Weather Modification Played No Role in Texas Floods


Unfounded rumors linking an extreme weather event to human efforts to control the weather are again spreading on social media. It’s not plausible that available weather modification techniques caused or influenced the July 4 flash flooding along the Guadalupe River in Texas.

The flooding, which is known to have killed at least 134 people, including at least 37 children, as of July 15, occurred after remnants of a tropical storm moved north and stalled over a region known as “Flash Flood Alley” that is prone to flash flooding due to its terrain. Experts have stated that climate change likely contributed to the worsening of the rain.

However, popular social media posts implied without evidence that the Texas flooding resulted from attempts to modify the weather. Some posts, including ones amplified by former Trump national security adviser and retired Lt. Gen. Michael Flynn, made an unfounded suggestion that cloud seeding by a specific company may have contributed to the flooding.

“This isn’t just bad weather,” read one post. “It looks a hell of a lot like weather warfare.”

Cloud seeding is a real weather modification method, often used in an attempt to alleviate drought, that can sometimes nudge clouds to produce small amounts of rain or snow. It does not cause rain on the scale seen in the Texas flooding.

Cloud seeding “had no influence on the outcome of the July 4th flooding,” Katja Friedrich of the University of Colorado Boulder’s Department of Atmospheric and Oceanic Sciences told us in an email, basing her comments on her own past research on the subject.

“I love how confident people are in science, but if cloud seeding would work as they often think, we would probably be able to solve the water crisis in the western US or in other arid regions, but we are not able to do so,” she added.

In contrast, climate change caused by heat-trapping pollution, largely due to the burning of fossil fuels, is known to increase extreme rainfall events. “It is pretty clear that climate change increased rainfall” in Texas, Michael Wehner, a senior scientist at the Lawrence Berkeley National Laboratory, told us via email. It’s more difficult, he said, to determine the role climate change played in the rise of water levels, as this requires modeling that takes into account complex local factors.

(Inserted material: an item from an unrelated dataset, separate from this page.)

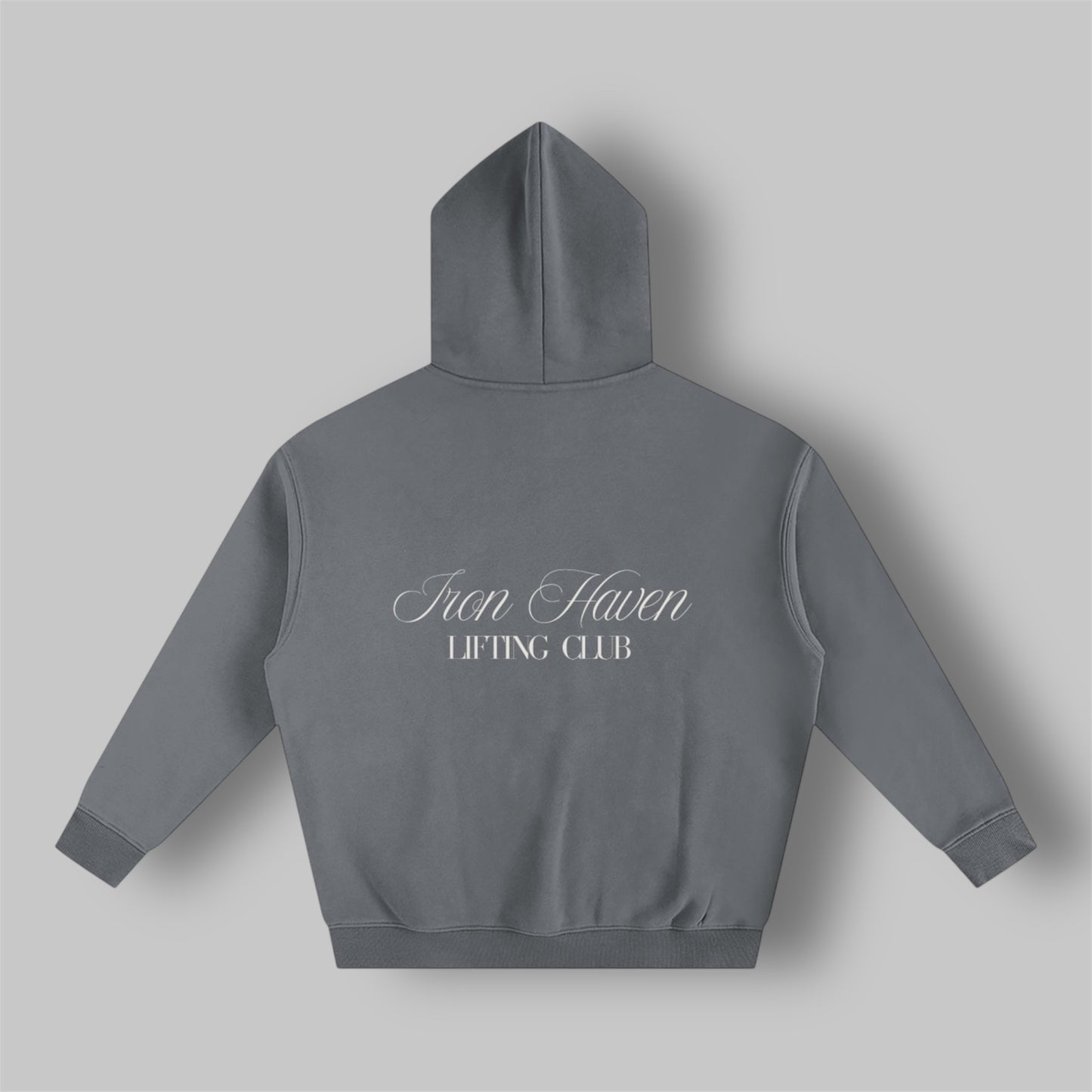Lifting Club oversized hoodie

We previously wrote about conspiracy theories — fueled by Rep. Marjorie Taylor Greene, a Republican from Georgia — that someone deliberately caused or steered Hurricane Helene in 2024 via weather modification. It is not possible to cause or steer a hurricane. On July 5, Greene announced new legislation to restrict weather modification. Florida, Tennessee, and Louisiana have enacted or are set to enact laws curtailing weather modification.

In July, Kandiss Taylor, a Republican candidate for Congress from Georgia, posted five times on X and Substack, also promoting the idea of “fake” and “manufactured” extreme weather. Taylor suggested that Hurricane Helene, which she said personally cost her family $57,000 in damages, was the result of weather modification, or “targeted destruction,” as she put it, and other disasters might be as well.

“If storms are being manipulated, and people die because of it, that’s not just a tragedy,” she wrote. “That’s murder.”

Taylor told us via email that her posts were “in response to proposed new legislation in Congress, not about Texas. The media twisted what I posted.” But in her Substack and elsewhere, she suggested the Texas flooding could be due to weather manipulation. “Now, I’m watching in nonstop prayer what’s happening in Texas. And let me tell you, the patterns, the timing, the scale raise serious questions,” she wrote on Substack.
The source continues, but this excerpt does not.